The chastening defeat, he said, should not make anyone “too desperate” and his team’s strong start to the Barclaycard Premiership campaign certainly made a nonsense of the more hysterical reports from Highbury. It was, after all, less than 12 months ago that the same side (minus only David Seaman, Pascal Cygan and Kanu) trounced Leeds United and were widely fêted as one of the greatest sides the world had seen.
They are not the worst now but Wednesday’s humbling did carry a significance beyond a bad night at the office; three lost points in the Champions League and dark omens before the match away to Manchester United on Sunday. The questions raised in pre-season about the lack of defensive cover were always going to have be answered at some stage; it is just that no one expected to raise them as early as mid-September.
They all derive from a core question that is how Arsenal expected to maintain a challenge for the top honours when the shortcomings of last season could be addressed only by the acquisition of a middling German goalkeeper and two highly talented, but pimply, teenage defenders. It always seemed a policy doomed to failure, which, in Arsenal’s case, amounts to plummeting to third in the Premiership — hardly a crisis but lower than Wenger has finished in his six full seasons in North London.

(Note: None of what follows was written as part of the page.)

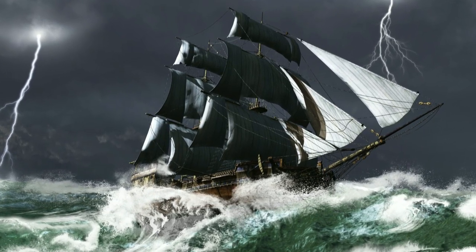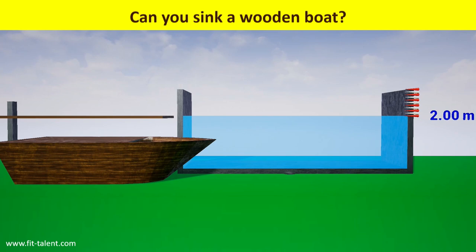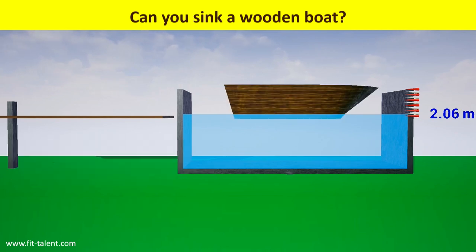Can you sink a wooden boat? We tap on the boat to move it from dock to pool. The boat floats now.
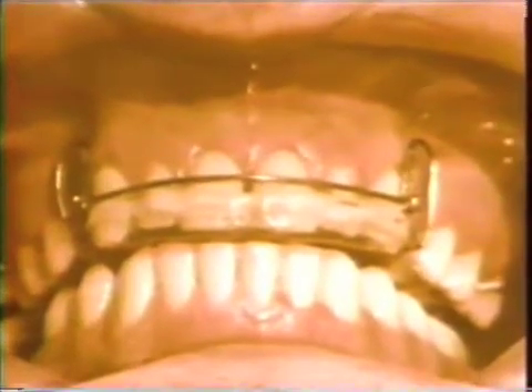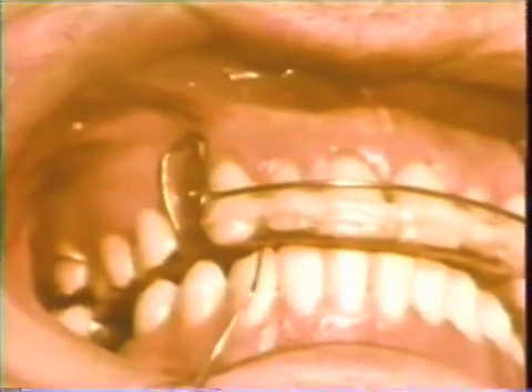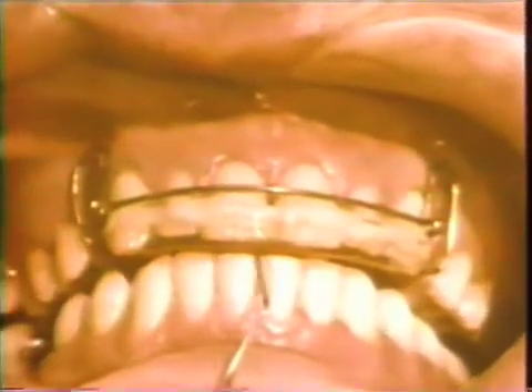This is a holly bite plane that was used to permit further eruption of the posterior teeth. It was then used to close the diastema between the two maxillary central incisors. The labial arch wire and elastics help bring the maxillary central incisors lingually and mesially.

Predicting that Arsenal would limp in behind United and Chelsea was not easily done when set aside the brilliant resourcefulness of Wenger, the extraordinary talents of Thierry Henry and Patrick Vieira, and an esprit de corps envied by most of their rivals, but the parsimony of the summer made it impossible to be more confident on the club’s behalf. A midweek defeat by last season’s European Cup semi-finalists hardly amounted to vindication, but the manner in which Arsenal were torn apart was not about to make a pessimist change his mind.
Just consider that, to balance the books, Arsenal’s squad has been reduced to 16 senior outfield players, of which six are defenders, including Cygan, in whom Wenger appears to have lost all faith, and Martin Keown, whose legs will have to be protected at 37 years old.
Kolo Touré, whose athleticism spared Arsenal an even heavier defeat by Inter, is now the first-choice centre half while also deputy right back.
The cover for Ashley Cole, England’s best left back but badly in need of a break after 2½ seasons at the deep end, is Gael Clichy, a teenager who may or may not turn out to be first-team material.
This is not intended to apportion the blame on a threadbare defence that is doing the best in difficult circumstances; Cole despite fatigue, Campbell despite his problems on the field and the death of his father yesterday that means he will miss Sunday’s match, and Touré despite spending most of his time at Highbury in midfield, even though he is a centre half for the Ivory Coast.
Of their colleagues, Jens Lehmann was badly at fault for Inter’s second goal and the midfield has been offering scant protection. Gilberto Silva needs to punctuate his gliding runs around the field with some juddering tackles. No wonder Wenger regarded the Brazilian as expendable this summer when he was trying to raise funds.
He could have raised more than £50 million by dangling Henry or Vieira in front of Roman Abramovich, but to sell one of his star assets would have been to sell the team’s soul. The board supported him in that policy, trusting that their manager’s ingenuity would see them through once again, but Wednesday surely will not be the last occasion this season on which the Frenchman’s excellence cannot make up for a squad so thin that even Igors Stepanovs risks being recalled from a loan spell in Belgium.
Six of the best
THE 3-0 loss to Inter Milan was Arsenal’s heaviest home defeat in the Champions League and extended their run without a win in the competition to six matches
December 10, 2002 v Valencia (home) 0-0: Despite dominating, Arsenal had to settle for a point — the beginning of the poor run of form.
February 18, 2003 v Ajax (home) 1-1: Sylvain Wiltord’s fifth-minute goal was cancelled out by Nigel de Jong.
February 22, 2003 v Ajax (away) 0-0: A disappointing stalemate in the Netherlands.
March 11, 2003 v AS Roma (home) 1-1: Patrick Vieira opened the scoring but Antonia Cassano equalised on the stroke of half-time.
March 19, 2003, v Valencia (away) 1-2: A John Carew double, either side of Thierry Henry’s goal, sent Arsenal to defeat.
September 17, 2003, v Inter Milan (home) 0-3: Goals from Julio Cruz, Andy van der Meyde and Obafemi Martins compound a miserable performance by Arsène Wenger’s team.